Jeffrey Lewis
12 Crass Songs (Rough Trade)
Reviewed by Marc Savlov, Fri., March 7, 2008

Jeffrey Lewis
12 Crass Songs (Rough Trade)Had Steve Ignorant, Eve Libertine, Penny Rimbaud, and all the rest of the early-1980s, UK-based anarcho-punk collective known as Crass realized that someday the unassuming, NYC-based folk balladeer Jeffrey Lewis would retune their vituperative, cats-and-gravel-in-a-blender sound into something approaching sunny-side-up genius, they'd likely have sided with Thatcher then and there. Yet Crass' lyrical, ultrapolitical vitriol is, if anything, more relevant than ever ("Big A, Little A" remains one of the greatest anti-nihilist protest songs ever written), and now, thanks to Lewis, you can actually make out all the words.

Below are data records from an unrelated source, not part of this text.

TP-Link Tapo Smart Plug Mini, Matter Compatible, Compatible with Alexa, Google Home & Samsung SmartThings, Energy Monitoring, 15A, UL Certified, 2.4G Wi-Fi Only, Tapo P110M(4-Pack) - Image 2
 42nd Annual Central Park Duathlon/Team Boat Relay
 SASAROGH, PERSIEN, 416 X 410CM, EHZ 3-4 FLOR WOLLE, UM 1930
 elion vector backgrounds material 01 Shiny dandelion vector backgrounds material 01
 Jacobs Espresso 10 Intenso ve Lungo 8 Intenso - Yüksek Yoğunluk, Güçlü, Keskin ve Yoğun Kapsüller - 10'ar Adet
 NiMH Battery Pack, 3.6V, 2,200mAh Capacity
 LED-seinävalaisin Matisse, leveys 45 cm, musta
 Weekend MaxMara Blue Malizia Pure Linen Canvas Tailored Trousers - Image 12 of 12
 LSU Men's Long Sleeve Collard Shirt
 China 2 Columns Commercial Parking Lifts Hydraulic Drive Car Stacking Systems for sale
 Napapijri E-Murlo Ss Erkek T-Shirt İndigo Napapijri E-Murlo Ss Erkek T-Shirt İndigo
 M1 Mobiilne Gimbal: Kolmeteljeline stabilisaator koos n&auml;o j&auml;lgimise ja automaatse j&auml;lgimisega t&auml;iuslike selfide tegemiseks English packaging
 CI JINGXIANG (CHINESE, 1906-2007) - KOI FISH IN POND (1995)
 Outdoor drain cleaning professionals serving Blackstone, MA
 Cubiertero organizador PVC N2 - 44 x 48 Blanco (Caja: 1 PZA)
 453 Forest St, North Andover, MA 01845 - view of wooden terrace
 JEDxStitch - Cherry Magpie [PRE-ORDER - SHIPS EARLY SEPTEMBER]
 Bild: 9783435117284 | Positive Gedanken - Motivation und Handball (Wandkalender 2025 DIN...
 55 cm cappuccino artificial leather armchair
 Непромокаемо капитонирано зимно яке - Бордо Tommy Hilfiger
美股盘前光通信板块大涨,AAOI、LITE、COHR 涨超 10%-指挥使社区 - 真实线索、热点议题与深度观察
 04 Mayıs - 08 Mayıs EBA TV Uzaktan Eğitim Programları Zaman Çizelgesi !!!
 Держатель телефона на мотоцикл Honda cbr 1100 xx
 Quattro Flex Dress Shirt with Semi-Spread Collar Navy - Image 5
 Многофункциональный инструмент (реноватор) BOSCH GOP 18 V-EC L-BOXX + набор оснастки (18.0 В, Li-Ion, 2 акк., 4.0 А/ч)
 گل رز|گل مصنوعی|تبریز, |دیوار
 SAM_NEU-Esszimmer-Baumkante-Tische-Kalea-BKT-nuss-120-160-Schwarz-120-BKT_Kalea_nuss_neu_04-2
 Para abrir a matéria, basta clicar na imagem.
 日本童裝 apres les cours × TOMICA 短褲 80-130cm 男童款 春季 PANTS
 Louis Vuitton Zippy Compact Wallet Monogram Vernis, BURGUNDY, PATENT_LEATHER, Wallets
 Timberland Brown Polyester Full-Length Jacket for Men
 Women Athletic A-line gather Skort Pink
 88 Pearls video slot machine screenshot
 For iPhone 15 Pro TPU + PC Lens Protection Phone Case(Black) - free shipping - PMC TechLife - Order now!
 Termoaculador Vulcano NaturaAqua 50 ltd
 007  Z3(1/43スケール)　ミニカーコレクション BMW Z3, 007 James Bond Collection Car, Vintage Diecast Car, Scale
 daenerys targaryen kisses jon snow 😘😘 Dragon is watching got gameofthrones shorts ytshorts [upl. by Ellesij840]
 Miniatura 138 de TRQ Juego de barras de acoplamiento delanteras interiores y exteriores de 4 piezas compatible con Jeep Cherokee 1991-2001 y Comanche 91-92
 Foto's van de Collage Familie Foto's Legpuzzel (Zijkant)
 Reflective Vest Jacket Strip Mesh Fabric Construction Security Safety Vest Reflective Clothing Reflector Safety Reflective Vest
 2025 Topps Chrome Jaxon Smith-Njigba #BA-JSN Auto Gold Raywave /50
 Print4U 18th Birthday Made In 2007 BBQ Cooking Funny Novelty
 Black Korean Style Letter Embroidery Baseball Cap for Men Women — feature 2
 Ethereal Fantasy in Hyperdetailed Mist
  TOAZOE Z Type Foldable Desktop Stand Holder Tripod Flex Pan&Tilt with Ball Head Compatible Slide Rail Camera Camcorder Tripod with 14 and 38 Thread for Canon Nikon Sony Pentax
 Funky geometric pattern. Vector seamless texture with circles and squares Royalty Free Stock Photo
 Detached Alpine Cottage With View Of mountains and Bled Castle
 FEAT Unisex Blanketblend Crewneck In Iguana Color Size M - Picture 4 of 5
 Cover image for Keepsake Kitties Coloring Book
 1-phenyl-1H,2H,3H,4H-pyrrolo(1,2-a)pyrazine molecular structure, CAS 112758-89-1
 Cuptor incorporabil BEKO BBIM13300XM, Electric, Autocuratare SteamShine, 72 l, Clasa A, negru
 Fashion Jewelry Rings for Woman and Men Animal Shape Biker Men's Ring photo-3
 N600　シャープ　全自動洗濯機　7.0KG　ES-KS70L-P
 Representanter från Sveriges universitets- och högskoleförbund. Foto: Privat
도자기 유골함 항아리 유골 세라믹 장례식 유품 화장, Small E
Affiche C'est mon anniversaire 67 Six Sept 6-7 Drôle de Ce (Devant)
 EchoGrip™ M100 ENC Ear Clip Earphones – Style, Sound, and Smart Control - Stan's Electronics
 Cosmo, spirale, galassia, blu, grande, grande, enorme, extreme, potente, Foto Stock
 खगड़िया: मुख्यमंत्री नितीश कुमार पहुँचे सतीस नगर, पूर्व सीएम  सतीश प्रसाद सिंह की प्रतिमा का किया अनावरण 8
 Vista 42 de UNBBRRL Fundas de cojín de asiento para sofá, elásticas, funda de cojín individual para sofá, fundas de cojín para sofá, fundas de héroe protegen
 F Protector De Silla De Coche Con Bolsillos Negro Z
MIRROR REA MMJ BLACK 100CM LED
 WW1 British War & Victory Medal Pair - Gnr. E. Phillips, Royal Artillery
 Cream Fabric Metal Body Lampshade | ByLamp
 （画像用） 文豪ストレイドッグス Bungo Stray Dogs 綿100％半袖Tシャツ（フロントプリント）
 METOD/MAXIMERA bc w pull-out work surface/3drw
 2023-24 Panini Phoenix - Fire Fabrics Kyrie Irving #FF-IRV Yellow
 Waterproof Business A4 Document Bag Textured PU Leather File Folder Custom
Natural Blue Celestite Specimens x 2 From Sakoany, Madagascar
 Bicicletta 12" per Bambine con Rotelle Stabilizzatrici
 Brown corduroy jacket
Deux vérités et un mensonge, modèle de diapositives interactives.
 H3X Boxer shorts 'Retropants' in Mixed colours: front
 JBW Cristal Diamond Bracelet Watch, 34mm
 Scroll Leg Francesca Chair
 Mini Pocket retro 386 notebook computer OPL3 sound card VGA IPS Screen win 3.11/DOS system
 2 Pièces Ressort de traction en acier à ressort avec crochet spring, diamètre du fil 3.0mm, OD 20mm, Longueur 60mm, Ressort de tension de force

Lewis' folk-nerd vocals combine with flute, glockenspiel, Woody Guthrie-esque guitars (notably on the pre-Blackwater point of view of "Securicor"), and some upstart piano ("Punk Is Dead") to bathe Crass' frantically spiky and often intentionally atonal screeds in a warm, human glow. It's the most astonishing cover album of the last 10 years, bar none. (Wednesday, March 12, Club de Ville, 10pm.)